What to work on
Starting at the line holding "Sleek black lipstick" and finishing at the line holding "Back of West", transcribe the material exactly, keeping both ends but no pictures.
[[ Dataset entries open ]]
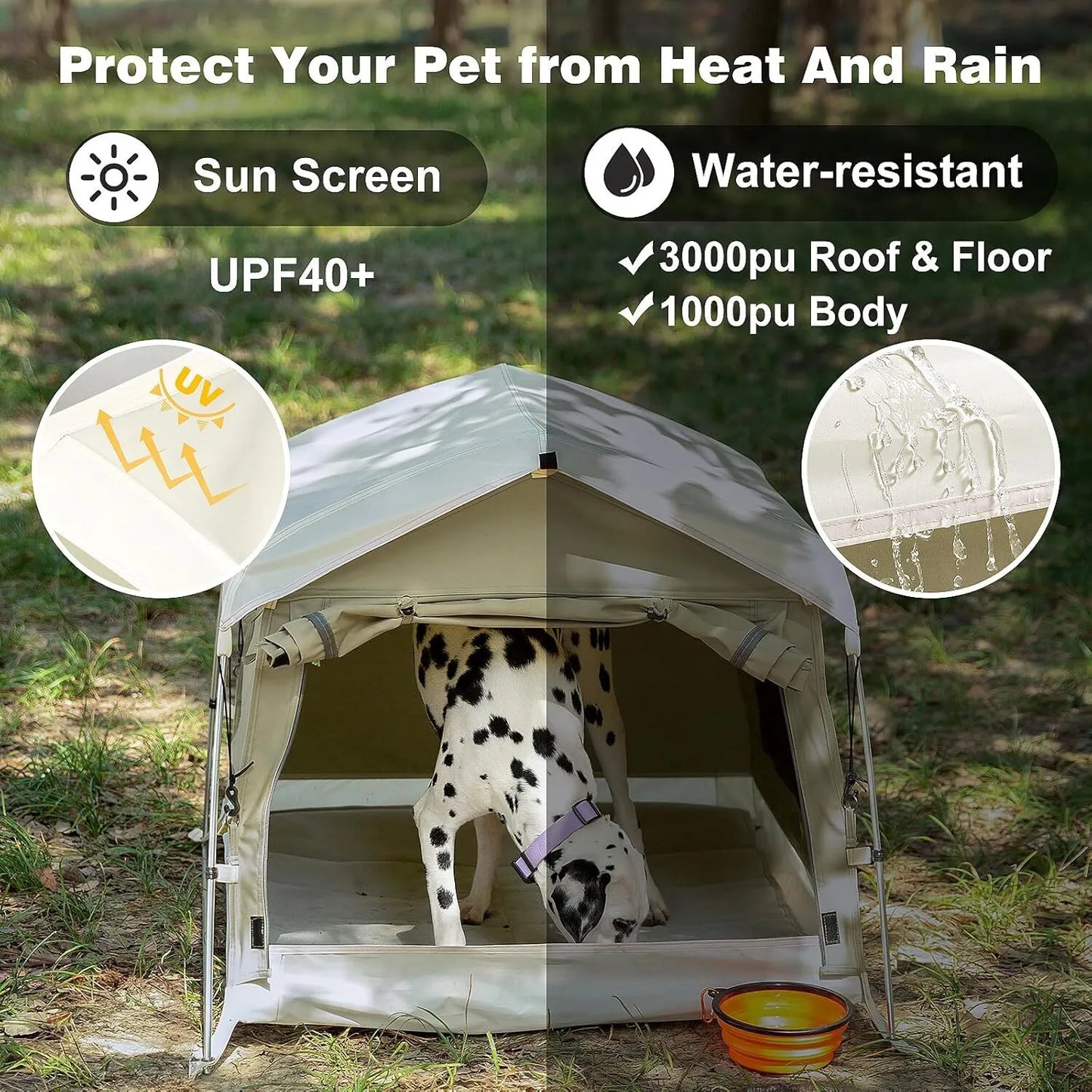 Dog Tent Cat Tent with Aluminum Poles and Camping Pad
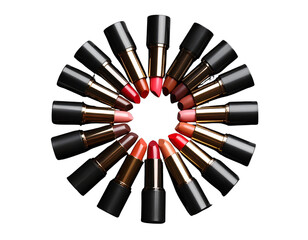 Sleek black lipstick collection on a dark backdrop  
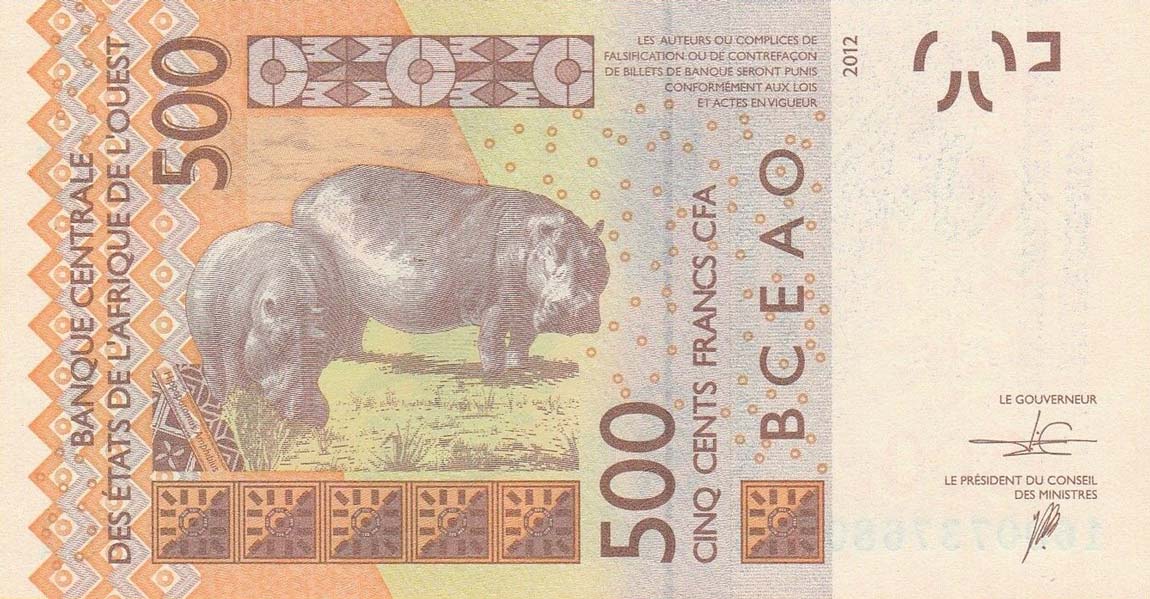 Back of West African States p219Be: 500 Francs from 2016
[[ Dataset entries closed ]]
[[ Dataset entries open ]]
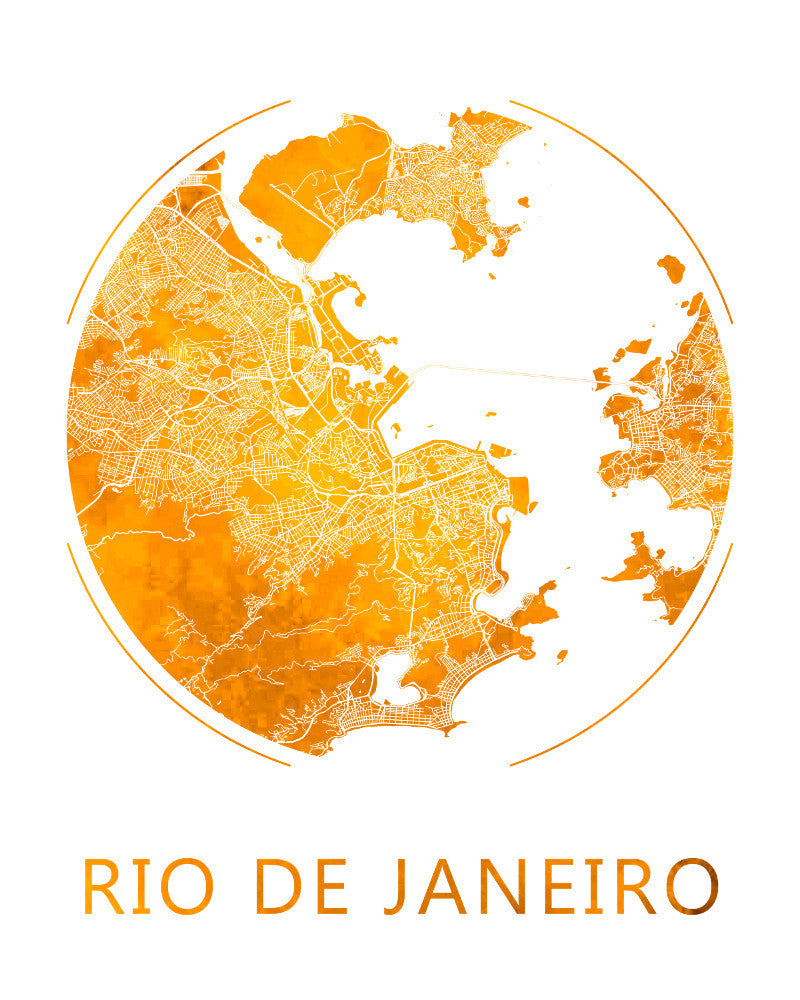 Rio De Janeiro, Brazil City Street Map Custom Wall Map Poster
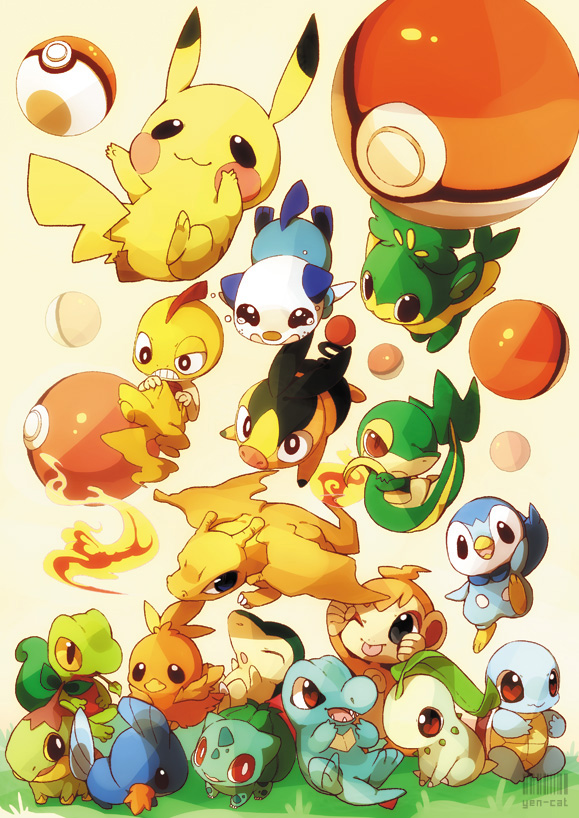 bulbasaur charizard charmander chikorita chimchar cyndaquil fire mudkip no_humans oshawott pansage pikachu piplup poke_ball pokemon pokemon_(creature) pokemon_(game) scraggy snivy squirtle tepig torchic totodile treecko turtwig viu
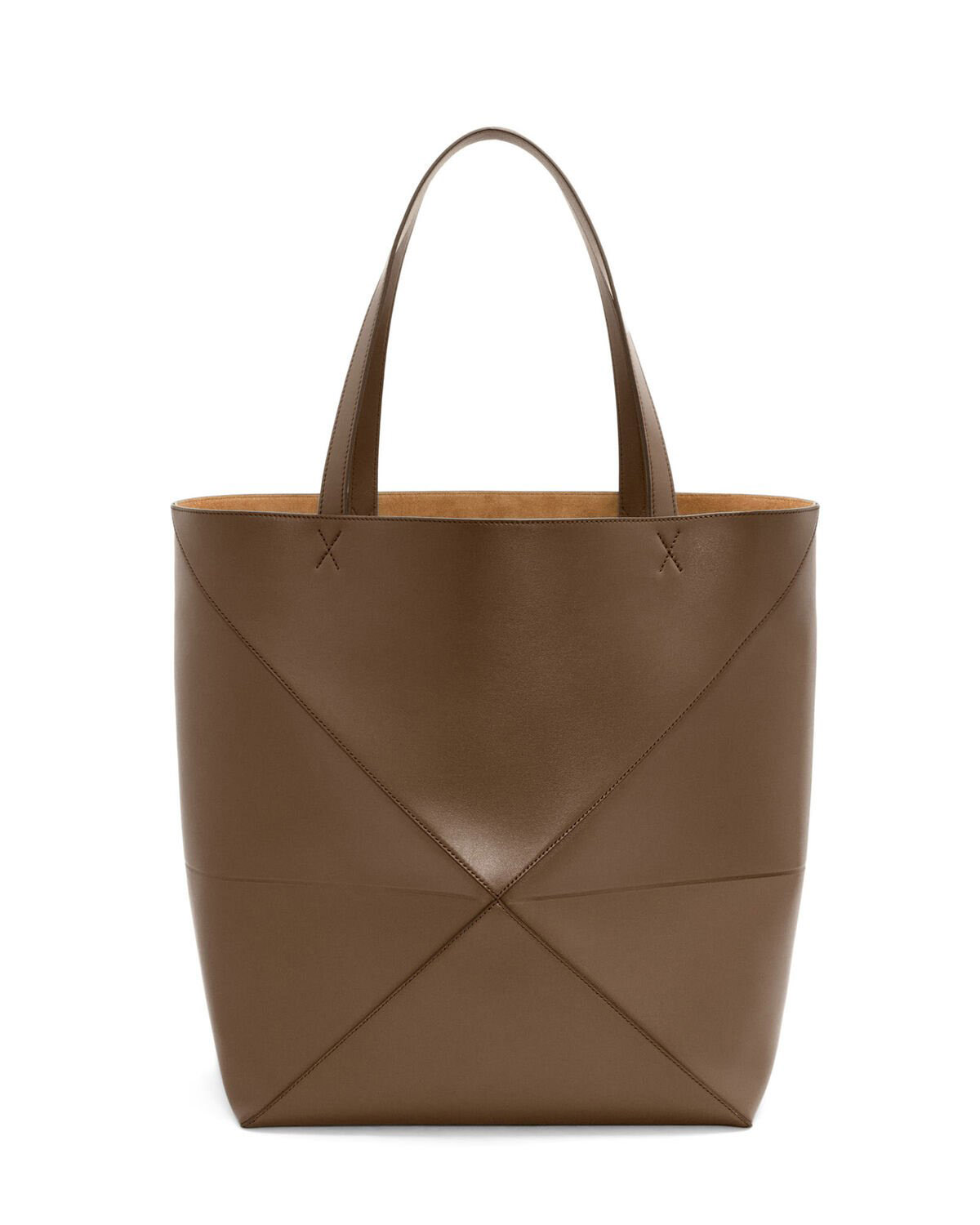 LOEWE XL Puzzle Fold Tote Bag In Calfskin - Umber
[[ Dataset entries closed ]]
Exercise solution
 Sleek black lipstick collection on a dark backdrop  
 Back of West African States p219Be: 500 Francs from 2016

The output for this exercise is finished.